* PROBLEM TO WORK ON: Would you copy only the lines below, from the one containing "24pcs/set Christmas Advent" through the very last one, leaving the pictures out?

* INFORMATION SUPPLIED:

*** Block opens ***

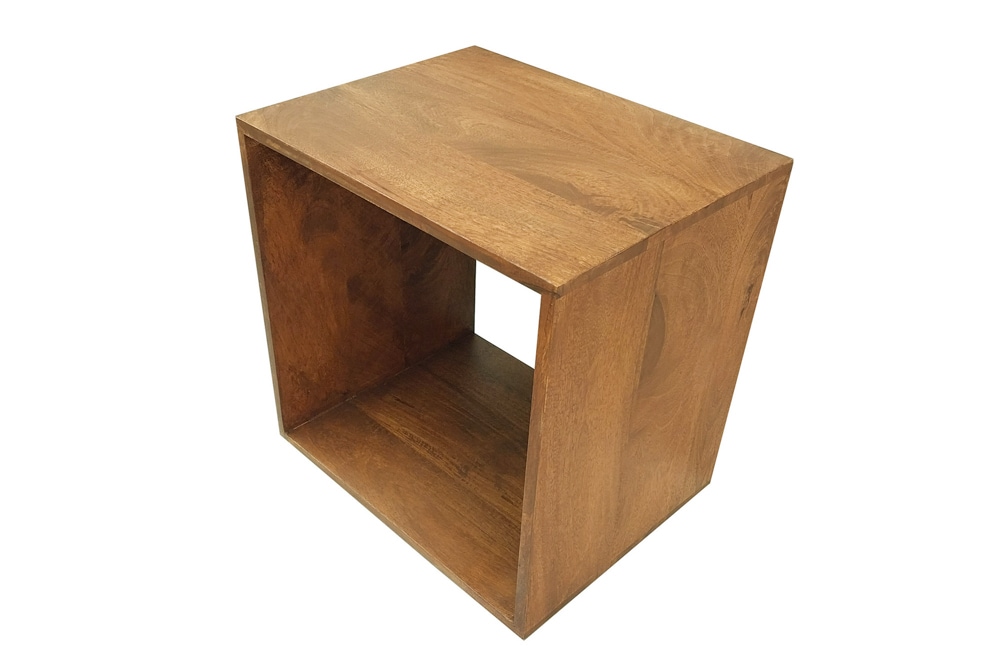 Massiver Beistelltisch MAKASSAR 45cm braun Mangoholz honey finish Nachttisch Regal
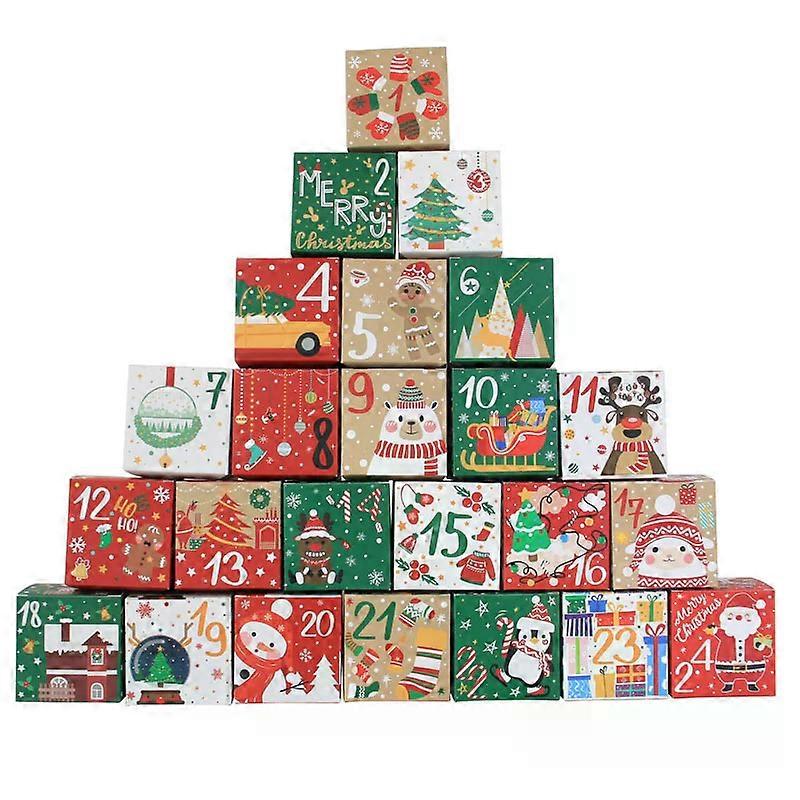 24pcs/set Christmas Advent Calendar Box Kraft Paper Candy Box 24 Days Countdown To Xmas Gift Boxes Navidad New Year Decorations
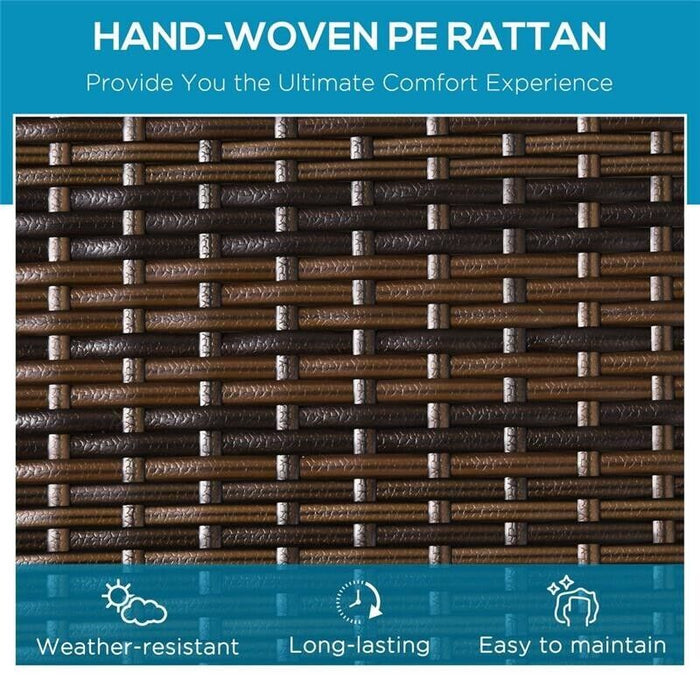 SET 2 LETTINI PRENDISOLE IN RATTAN PE CON CUSCINO E SCHIENALE 5 RECLINAZIONI, 196X60X22CM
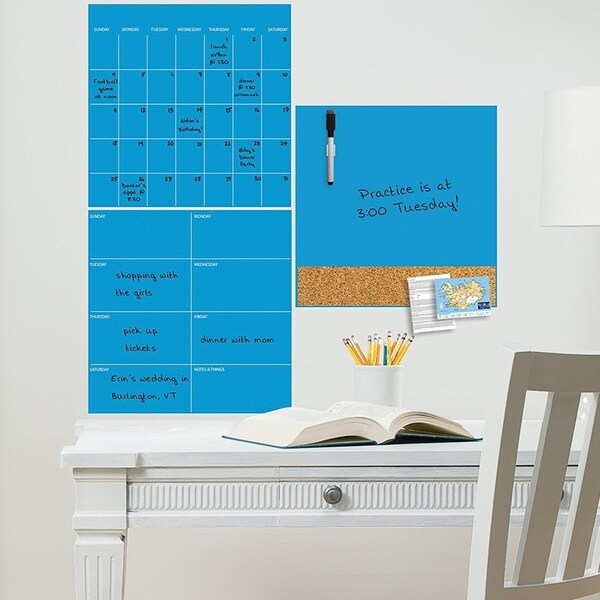 Wall Pops Calendar Neon Pacific Blue 3 Pc Combo Set Wall Vinyl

*** Block closes ***

* ANSWER:
 24pcs/set Christmas Advent Calendar Box Kraft Paper Candy Box 24 Days Countdown To Xmas Gift Boxes Navidad New Year Decorations
 SET 2 LETTINI PRENDISOLE IN RATTAN PE CON CUSCINO E SCHIENALE 5 RECLINAZIONI, 196X60X22CM
 Wall Pops Calendar Neon Pacific Blue 3 Pc Combo Set Wall Vinyl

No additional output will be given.